You may think, “Whoopee, a vaccine that is 68.2 % effective.” And here we get into the medical statistics terminology that bears some explanation. One of the studies showed an incidence of at least one shingles episode in 35 of 922 Auto-SCT patients who were given the Shingrix vaccine and followed over a 21-month period of time post second dose (i.e., 3.8 %). This compares to 135 reported shingles episodes in 924 Auto-SCT patients dosed with a placebo (i.e., 14.6 %). The incidence rate of shingles in Shingrix vaccinated patients is 30 per 1,000 people years and that compares to 94 per 1,000 people years for unvaccinated stem cell transplant recipients and that translates into an incidence rate ratio of 0.32 which is equivalent to 68 % vaccine efficiency.
Welcome to the wonderful world of medical statistics. Please remember that Shingrix will provide you with +3 times better protection against the likelihood of ending up with a case of shingles, compared to doing nothing and risking a very unpleasant experience.
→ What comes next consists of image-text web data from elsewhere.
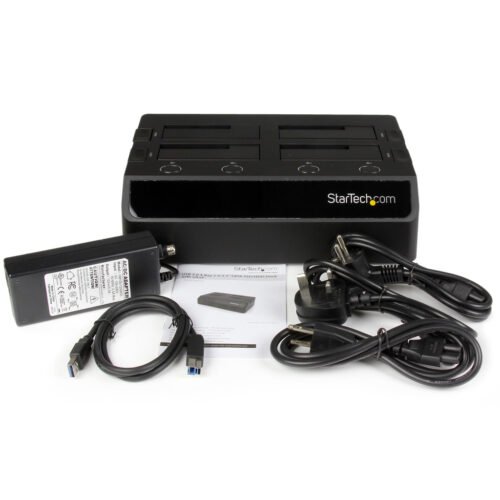 StarTech.com 4-Bay USB 3.0 to SATA Hard Drive Docking Station, USB Hard Drive Dock, External 2.5/3.5" SATA III SSD/HDD Docking - Image 3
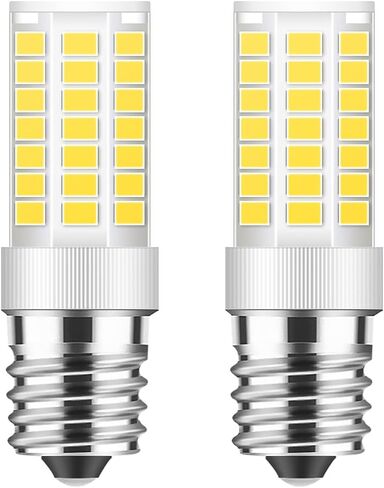 E17 LED Bulb Dimmable, 5W Microwave Oven Bulb, Daylight White 6000K, 40W Halogen Bulb Replacement for Microwave, Over Stove Appliance, Range Hood, Refrigerator, E17 Intermediate Base (2 Pack) in Saudi Arabia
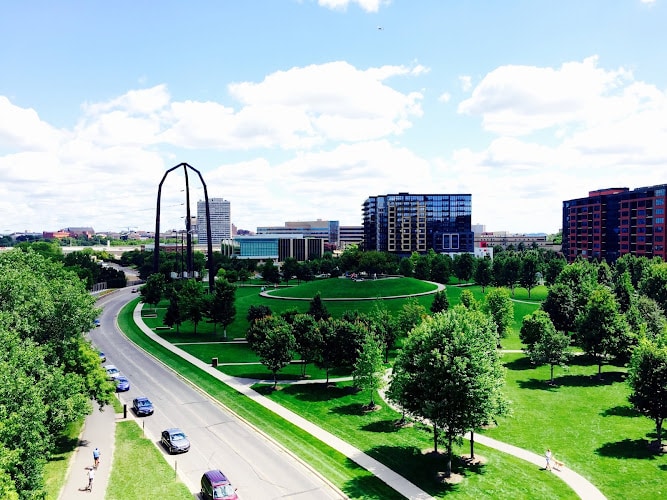 Gold Medal Park Minneapolis Minnesota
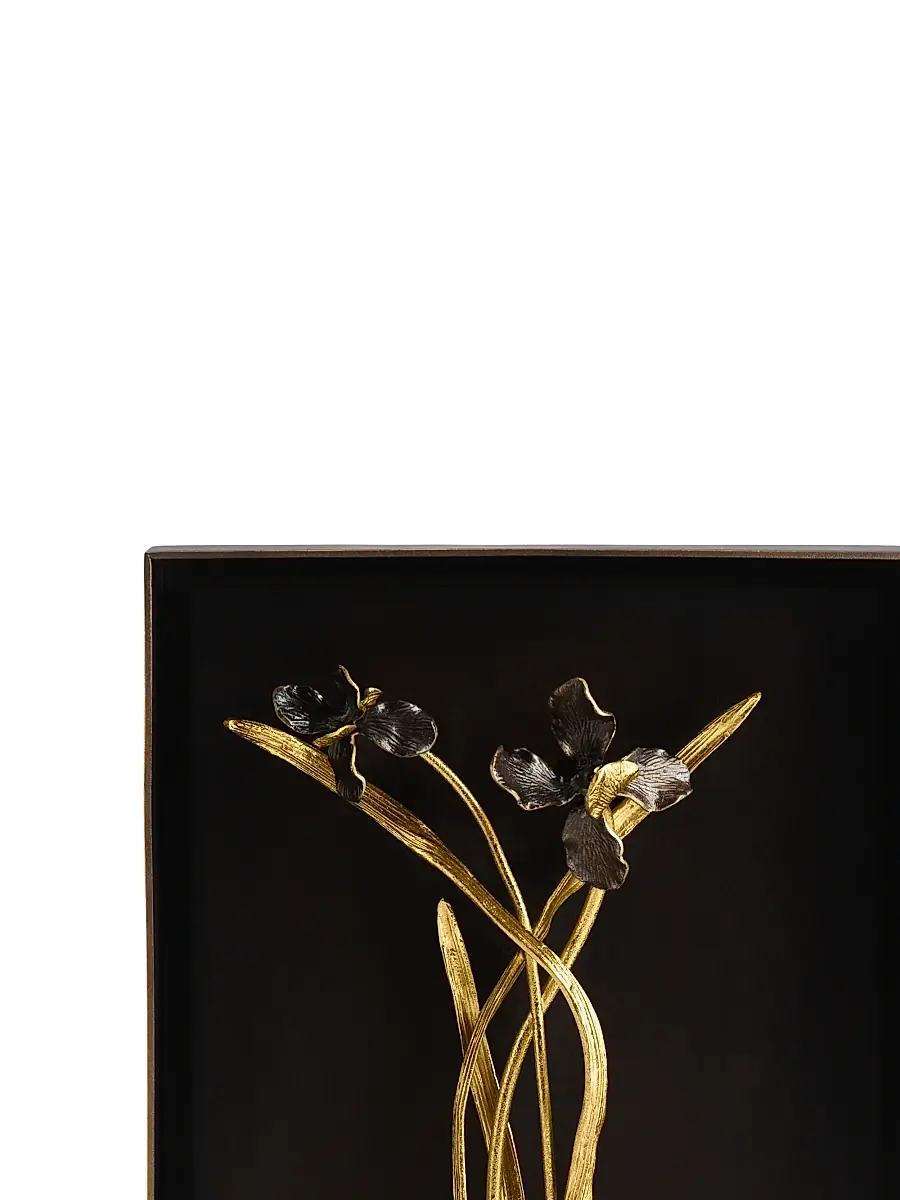 Michael Aram Special Editions Black Iris Shadow Box | Thumbnail 2 Michael Aram Special Editions Black Iris Shadow Box | Thumbnail 2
It is VERY unfortunate, however, that the Shingrix study did not go head-to-head with the shingles prophylactic products we (may) have been using so far: acyclovir and valacylovir, especially since these two old and cheap ‘war-horses’ also came from the past GSK product development pipeline. This leaves us in the dark now as to what is best: going for 2 doses of Shingrix vaccine or continue the daily popping of the pills we’ve grown used to.
I would like to suggest that you discuss long-term prophylaxis against shingles with your specialist and decide whether to do nothing, stay the course with the oral antivirals (acyclovir or valacyclovir) or go for the Shingrix vaccine.
about the author
I am a patient diagnosed in 2014 with primary plasma cell leukemia (pPCL), a rare and aggressive variant of multiple myeloma and have been very fortunate to find successful treatment at the division of Cellular Therapy at the Duke University Cancer Institute. My wife, Vicki, and I have two adult children and two grandsons who are the ‘lights of our lives’. Successful treatment has allowed Vicki and I to do what we love best : traveling the world, albeit it with some extra precautions to keep infections away. My career in the pharmaceutical industry has given me insights that I am currently putting to use as an advocate to lower drug pricing, especially prices for anti-cancer drugs. I am a firm believer that staying mentally active, physically fit, compliant to our treatment regimen and taking an active interest in our disease are keys to successful treatment outcomes.